Nichiren’s View of Abrahamic Religions

Nichiren may indeed have included the three major forms of Western monotheism if he had known about them, as he seems to have wanted to account for all the major religions in the world. I also believe that he would have evaluated them using the same method of comparison in terms of the scope of time scales. To review: just as the Buddha criticized the sixty-two (or ninety-five) views of his contemporaries who drew dogmatic conclusions about the nature of life based on limited experiences either in this life or even from past-life recall, Nichiren evaluated Confucianism, Taoism, Brahmanism, Buddhism, and other philosophies and religions based on how limited or vast a scope of time their teachings accounted for. Confucianism fares the worst for not even attempting to account for life before birth or after death but limiting itself to teaching morality only in terms of the present lifetime.

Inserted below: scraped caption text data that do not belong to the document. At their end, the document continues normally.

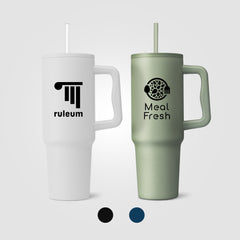 Image of the Polar Pro - 40 oz. Double-Wall Recycled Stainless Steel Tumbler with Straw promotional product, SKU WEZ.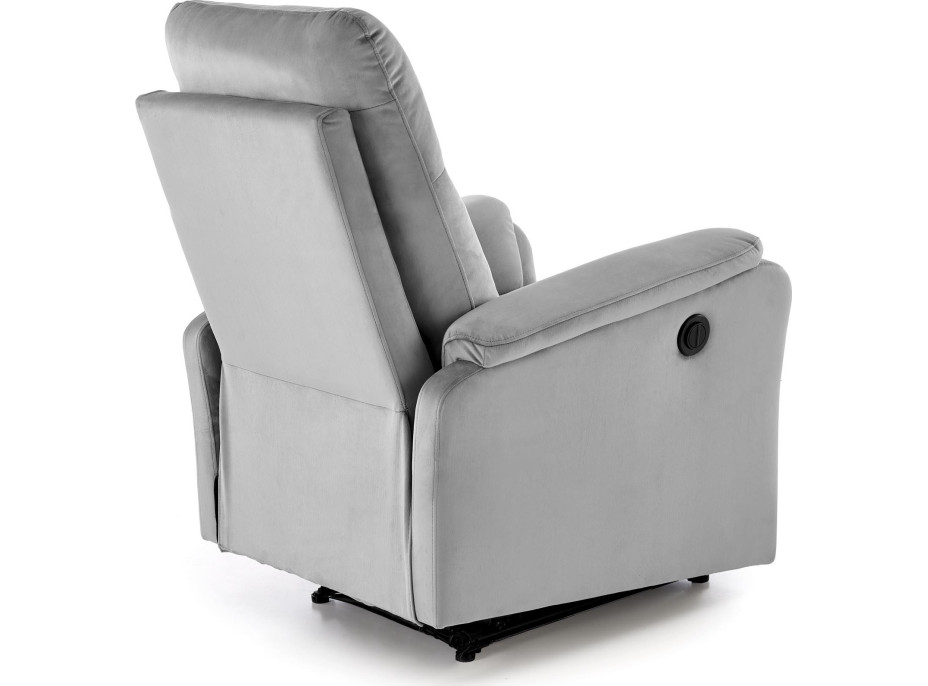 Elektrické polohovacie kreslo CROCUS - čalúnené látkou - popolavo šedé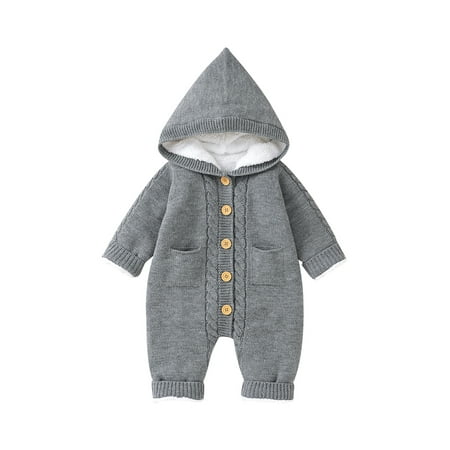 

Bagilaanoe Newborn Baby Girl Boy Knit Velvet Hooded Jumpsuit Long Sleeve Bodysuit 3M 6M 9M 12M 18M Infant Fall Warm Romper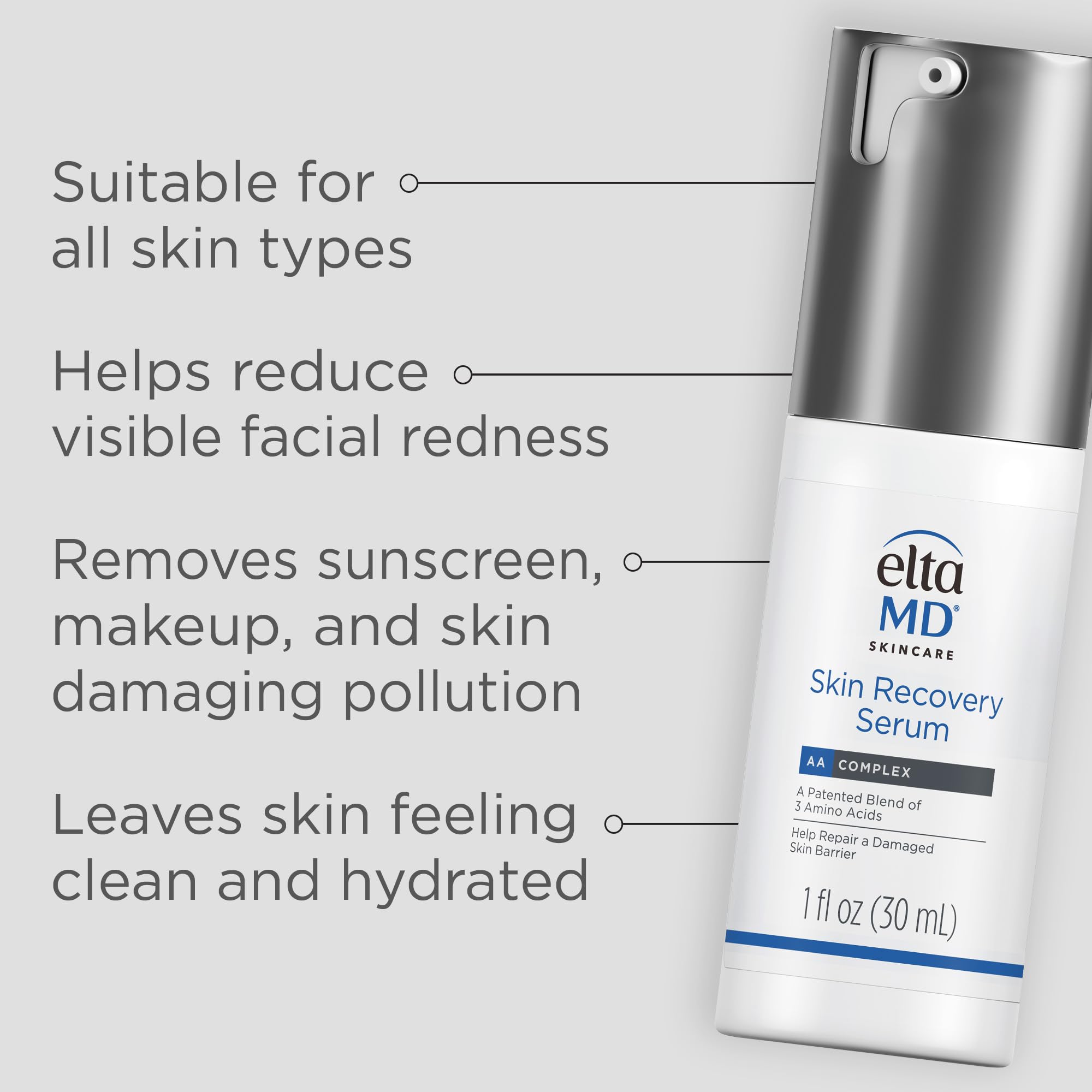 EltaMD serum texture close-up drop illustrating lightweight hyaluronic hydration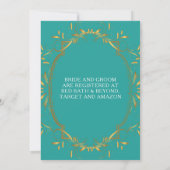 Turquoise en Gold Flourish Wedding Shower Kaart (Achterkant)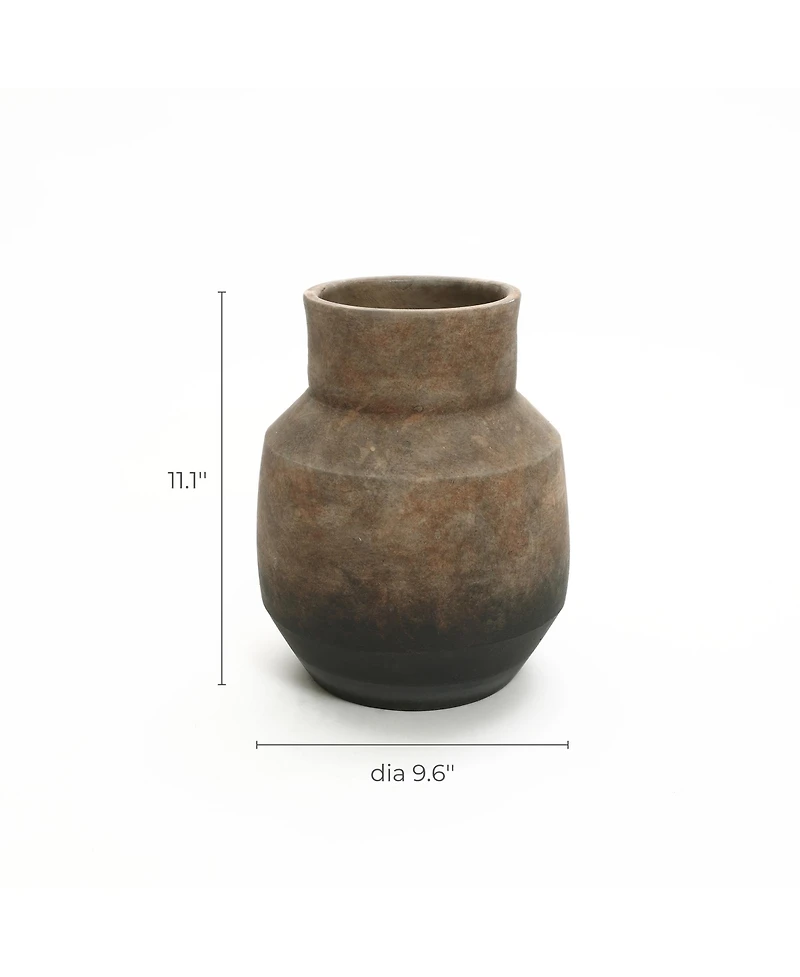 LuxenHome Brown Ombre Terracotta Round Vase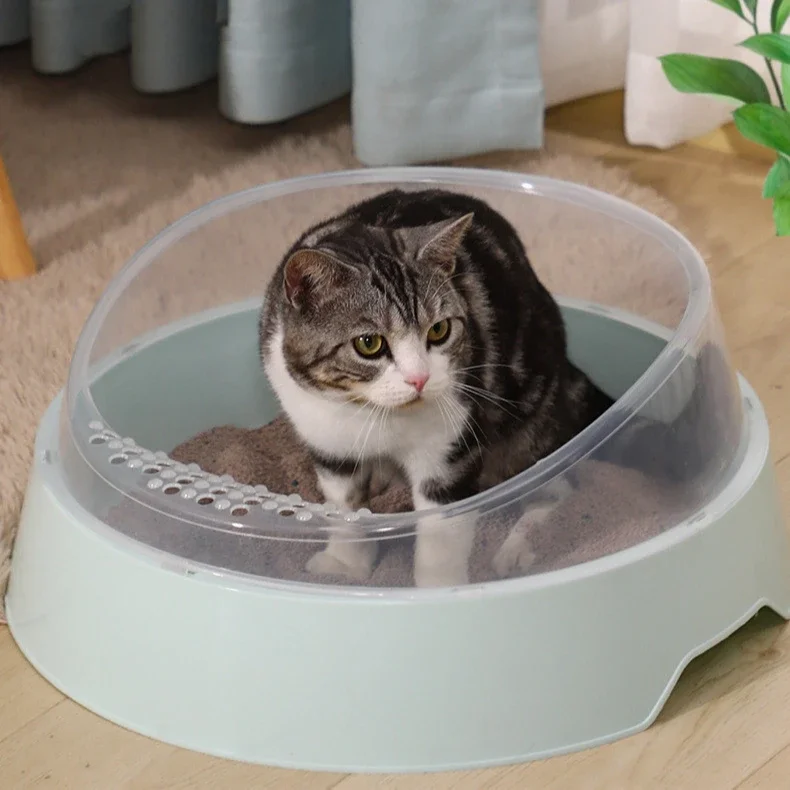 Environmentally Friendly PP Material Fashionable Design Add Semi-closed Pet Cat Litter Box Cat Toilet Pet Supplies Wholesale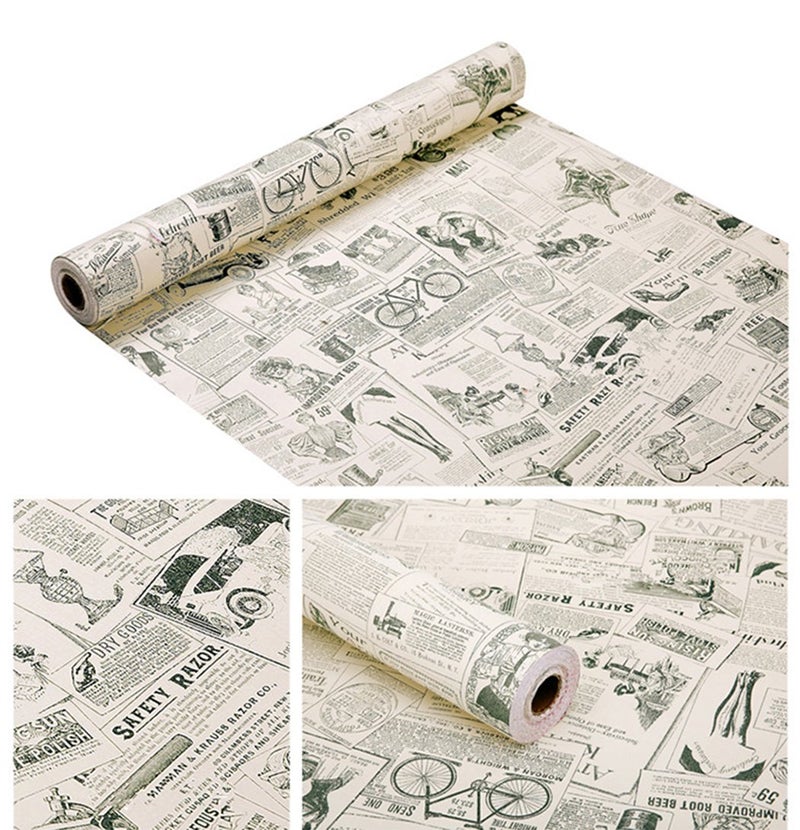GLOW4U Vintage Newspaper Vinyl Contact Paper Wallpaper Self Adhesive Cabinet Shelf Drawer Liner for Kitchen Bathroom Backsplash Countertop Cupboard Table Desk Wall Decor (17.7 x 117 Inches,Smooth) - Image 1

Brahmanism fares better for it does teach that there is a cycle of rebirth that unfolds according to the law of karma, and thus accounts for a much greater scope of time. In fact, Brahman cosmology teaches that there are whole cycles wherein world systems are created, maintained, and then destroyed over the course of eons and within those cycles beings are reborn continually until they can attain one of the heavenly realms. The Upanishads taught that those who realized the Ātman or True Self would be forever liberated from these cycles, but the Buddhist sūtras do not mention the Upanishads nor does Nichiren.

From the Buddhist point of view, however, in the course of time even those reborn in the heavens will exhaust their merit and they will have to be reborn elsewhere depending on what causes are able to come into fruition. From the Buddhist perspective even the vast amounts of time spent in a hell-realm or a heavenly-realm is still a finite period of time because all caused and conditioned states will eventually come to an end. Such is the universal law of the impermanence of all conditioned phenomena.

Coming back to Western monotheism, … The important thing is that the mainstream view posits only one lifetime to be followed by an eternal afterlife of some sort. Going by Nichiren’s criteria, I think he would perhaps have placed Western monotheism ahead of the agnostic Chinese schools of thought because it at least provides for some kind of afterlife wherein the causes one makes in this life will come to fruition for good or for ill. On the other hand, I think he would not have put Western monotheism on the level of Brahmanism, as the latter accounts for many lifetimes and its understanding of the unfolding of cause and effect over many lifetimes is more developed. From a Brahmanist point of view, one might live in heaven or hell for thousands or millions of years, but it is not actually an eternity though mistaken as such by those who don’t see larger time scale. I stress, again, that this is my guess based on how Nichiren evaluated the other non-Buddhist traditions.